Monday, February 23, 2015

River Talk - Coming Home

The motley crew on Bank Street 1974

This is a tale of turtles
Soft shell turtles
coming home

Back in the day - I recall being assured and expected to concur with Thomas Wolfe’s proclamation, You Can't Go Home Again.
Wait a minute. I’m perplexed. All I know is coming home…Being at home where ever I am. I’m from a family of soft shell, thick skinned turtles, carrying our homes on or backs and in our minds…or our hearts. 

Turtles on the move—calling home a trailer park along Blue Bonnet Texas freeways, a tent site in Mountain Air Colorado or Wyoming, some auntie’s back yard in corn fields Iowa, dirty inner city Detroit, Rochester….Chardon, Ohio…

A band of nomadic turtles, never sure if the Wisconsin pond could hold us all or we’d be washed down the Muddy Mo.
It’s a big world out there—one family turtle is off to Paris to be an au pair, smoking reefer in a West Bank Cafe along the Seine; one’s off to Boy Scout Camp setting off fire crackers in the cabin; one’s off to music camp; one’s plain off its rocker.

My favorite small turtle memory is curling up on the back ledge of the powder blue Lincoln sedan—in the days when cars had a back window large enough for a 9 year old to snuggle up with a stuffed turtle and a pillow—and watching the moon and stars pour across the sky or torrents of rain pound against the glass… fantasizing a glamorous, fast-paced life as papa turtle sped down unknown rural highways at his turtle-like speed, somewhere just above or below 100 mph.

Dad was one of six sons and two daughters raised by the strop. I knew the discipline part, but I didn’t know the killer subplot until after all the brothers were gone and the only remaining sister was muted by a stroke. Not much gets explained or shared under the rule of threats and fear. so when two thirty-something brothers had a bit too much to drink, a scuff over a girl, and the older brother delivered a fatal punch to the younger brother, there was no coming to terms. The surviving brothers thought they could hide the evidence by tying a cement boot to Milos body and pushing him and his car into the Cedar River. In the way that turtles are often seen half submerged, it worked. It was a mystery to everyone except the five remaining brothers, who retreated into their shells. Four to lives of domestic tranquility; the  most culpable to a life in exile.

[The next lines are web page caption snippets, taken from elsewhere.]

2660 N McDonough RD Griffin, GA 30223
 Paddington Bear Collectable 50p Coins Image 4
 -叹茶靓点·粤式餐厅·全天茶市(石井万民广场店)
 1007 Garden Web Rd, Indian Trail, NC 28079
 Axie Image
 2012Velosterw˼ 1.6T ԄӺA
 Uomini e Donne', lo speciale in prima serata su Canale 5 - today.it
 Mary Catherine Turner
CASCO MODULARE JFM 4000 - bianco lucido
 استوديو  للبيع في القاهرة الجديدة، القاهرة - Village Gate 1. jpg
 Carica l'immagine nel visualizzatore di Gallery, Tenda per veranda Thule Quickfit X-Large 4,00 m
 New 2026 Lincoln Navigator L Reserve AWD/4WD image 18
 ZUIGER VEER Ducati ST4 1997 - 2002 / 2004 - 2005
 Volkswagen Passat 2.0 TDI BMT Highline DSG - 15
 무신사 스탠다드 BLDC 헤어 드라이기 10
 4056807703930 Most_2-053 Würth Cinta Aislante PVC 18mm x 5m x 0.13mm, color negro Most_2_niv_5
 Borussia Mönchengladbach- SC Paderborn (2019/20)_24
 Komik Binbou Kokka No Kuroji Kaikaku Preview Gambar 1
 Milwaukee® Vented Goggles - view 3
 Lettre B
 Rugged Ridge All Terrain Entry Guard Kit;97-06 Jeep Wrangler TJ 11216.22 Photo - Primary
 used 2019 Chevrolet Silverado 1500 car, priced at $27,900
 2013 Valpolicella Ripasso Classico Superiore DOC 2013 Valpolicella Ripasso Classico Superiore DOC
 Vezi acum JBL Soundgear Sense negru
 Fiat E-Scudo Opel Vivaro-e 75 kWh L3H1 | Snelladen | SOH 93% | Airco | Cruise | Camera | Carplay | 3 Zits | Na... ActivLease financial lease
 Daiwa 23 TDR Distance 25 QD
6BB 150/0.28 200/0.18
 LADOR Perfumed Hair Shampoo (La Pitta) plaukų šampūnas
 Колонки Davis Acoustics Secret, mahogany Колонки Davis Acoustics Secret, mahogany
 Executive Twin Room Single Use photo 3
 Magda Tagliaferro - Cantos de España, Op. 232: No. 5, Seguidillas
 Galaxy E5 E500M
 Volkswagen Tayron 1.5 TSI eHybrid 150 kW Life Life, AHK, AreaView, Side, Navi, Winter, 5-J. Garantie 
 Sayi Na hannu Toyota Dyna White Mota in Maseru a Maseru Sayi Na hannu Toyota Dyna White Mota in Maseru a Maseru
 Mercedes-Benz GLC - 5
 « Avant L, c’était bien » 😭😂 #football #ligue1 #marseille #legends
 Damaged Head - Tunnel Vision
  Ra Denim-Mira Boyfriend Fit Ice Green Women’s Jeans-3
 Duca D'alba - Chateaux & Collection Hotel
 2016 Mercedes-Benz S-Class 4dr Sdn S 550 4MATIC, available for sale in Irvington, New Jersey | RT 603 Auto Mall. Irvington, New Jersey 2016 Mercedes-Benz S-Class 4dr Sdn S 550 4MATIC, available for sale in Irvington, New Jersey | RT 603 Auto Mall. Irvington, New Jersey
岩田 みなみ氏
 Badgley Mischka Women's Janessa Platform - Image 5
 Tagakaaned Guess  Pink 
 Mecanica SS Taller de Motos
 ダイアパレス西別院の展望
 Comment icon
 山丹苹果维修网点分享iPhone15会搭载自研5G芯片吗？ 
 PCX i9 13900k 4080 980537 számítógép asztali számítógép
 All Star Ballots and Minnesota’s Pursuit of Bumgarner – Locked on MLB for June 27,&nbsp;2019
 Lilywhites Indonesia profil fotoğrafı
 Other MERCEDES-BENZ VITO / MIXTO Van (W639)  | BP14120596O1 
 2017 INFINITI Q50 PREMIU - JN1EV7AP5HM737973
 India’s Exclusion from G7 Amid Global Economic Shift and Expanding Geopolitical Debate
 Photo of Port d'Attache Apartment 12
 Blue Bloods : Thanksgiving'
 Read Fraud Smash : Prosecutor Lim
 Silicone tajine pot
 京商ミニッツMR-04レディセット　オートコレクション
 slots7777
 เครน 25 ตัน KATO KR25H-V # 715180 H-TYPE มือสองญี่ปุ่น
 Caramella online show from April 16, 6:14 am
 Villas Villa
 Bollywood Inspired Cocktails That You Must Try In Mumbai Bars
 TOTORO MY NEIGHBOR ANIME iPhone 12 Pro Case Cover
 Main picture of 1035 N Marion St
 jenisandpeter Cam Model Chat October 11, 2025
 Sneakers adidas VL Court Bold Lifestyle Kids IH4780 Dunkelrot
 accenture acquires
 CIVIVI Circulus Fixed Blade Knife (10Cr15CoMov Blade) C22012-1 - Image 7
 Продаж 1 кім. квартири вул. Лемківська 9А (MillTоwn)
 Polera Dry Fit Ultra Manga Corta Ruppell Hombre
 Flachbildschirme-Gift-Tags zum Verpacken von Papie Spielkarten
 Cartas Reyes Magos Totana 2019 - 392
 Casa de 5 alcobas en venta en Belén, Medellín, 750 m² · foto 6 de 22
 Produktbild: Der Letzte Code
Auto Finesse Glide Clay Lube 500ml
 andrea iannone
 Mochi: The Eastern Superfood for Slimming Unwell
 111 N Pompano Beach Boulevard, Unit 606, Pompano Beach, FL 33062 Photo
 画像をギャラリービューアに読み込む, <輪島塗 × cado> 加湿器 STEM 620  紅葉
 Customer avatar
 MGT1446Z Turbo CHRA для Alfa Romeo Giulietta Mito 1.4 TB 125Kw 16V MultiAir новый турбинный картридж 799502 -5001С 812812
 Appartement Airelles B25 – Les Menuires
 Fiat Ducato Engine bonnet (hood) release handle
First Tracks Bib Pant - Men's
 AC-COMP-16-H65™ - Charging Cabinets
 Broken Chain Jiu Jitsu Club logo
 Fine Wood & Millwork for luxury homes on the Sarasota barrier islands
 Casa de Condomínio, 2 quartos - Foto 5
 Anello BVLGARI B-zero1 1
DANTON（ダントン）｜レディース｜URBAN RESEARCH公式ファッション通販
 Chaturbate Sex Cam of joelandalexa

Growing up, all the rest of us turtles only knew was that brother Wesley took off for California, never to be seen again, and only heard from occasionally through one of the older brothers.

This reminds me  of the turtle we had when my family lived in a small garden brownstone on Bank Street in Greenwich Village. My husband had made a rock garden  with a trickling fountain in a pond Turtle could enjoy in the small enclosed back yard. One especially lovely spring day when the yellow and red tulips were in full bloom,  our son took Turtle into the yard for some fresh air. When it was dinner time, Turtle was no where to be found. For days we went out looking for him, nothing… Finally we gave up. Months later when Turtle was but a faint memory, I opened the back door and was face to face with Turtle, head arched ominously, hissing at me for abandoning him to city rats, cats and other ferrel elements. We joyfully took turtle in, reunited with family.